出すお茶は井戸水で
そこへ、廊下のむこうから年寄がやってくるのがみえた。
ヒコイチの姿をみると、ここで会うのが当然のようにうなずいてみせた。
「ヒコイチさん、ろうそくのそなえつけまでご苦労さまでした」
「いや、これが仕事なんで」
「おまえも今日はここまででいいよ。 そういや、変わった男が来ただろう?あの男はひどい癇癪もちでね。どこで発作がおこるかわからないんだが、もしかしたらわたしを待てなくて、発作をおこしてしまったかい?」
年寄の問いに娘が手をうってヒコイチとめをあわせたあと、せめてお茶だけお出しいたしますか?というのに、だいじょうぶだよ、とさがらせた。

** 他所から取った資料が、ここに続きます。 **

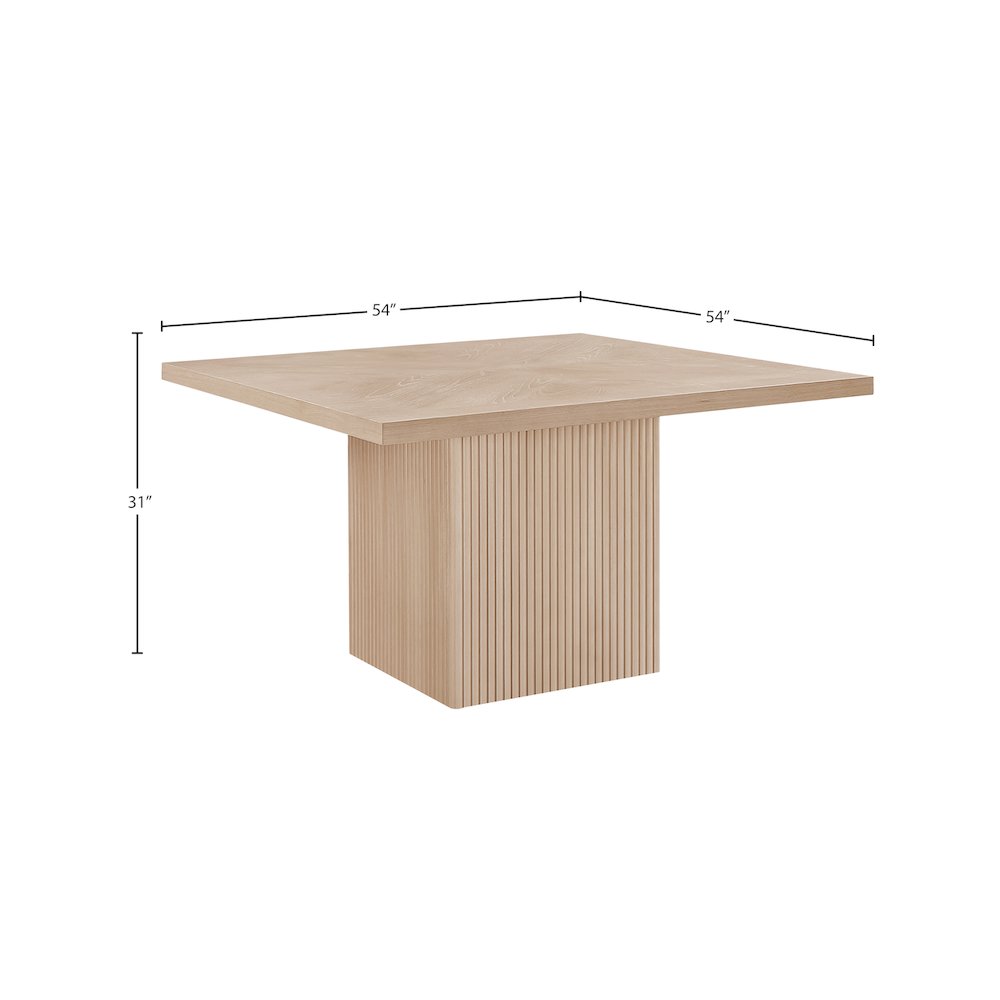 Square Rubberwood Dining Table with Mid-Century Modern Style, Natural Oak Veneer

「素直ないい娘でございましょう?」と孫を自慢するように言ってくる。
ヒコイチがうなずくまえに、「カエさんも、」と、さきほどまで耳にしていた名を口にした。
「―― あんな男に出会っていなければ・・・」
ぐう、と歯をかむように口を閉じたダイキチは、庭に目をやり、静かに手をあわせた。
ああ。やっぱりこの歳よりは・・・
おくれて手をあわせたヒコイチが目をあげると、庭はかたむいた陽に照らされ、神々しいような物悲しいような色をしていた。
「―― ヒコイチさん、すこしこの、年寄の茶飲み話に、おつきあいいただけますかな? ああ、―― もちろんお茶の水は、この前も今日も、ひき水の『井戸』のほうをつかいますのでご安心を」
こちらの顔をみて、なんとも楽しそうに微笑んだ。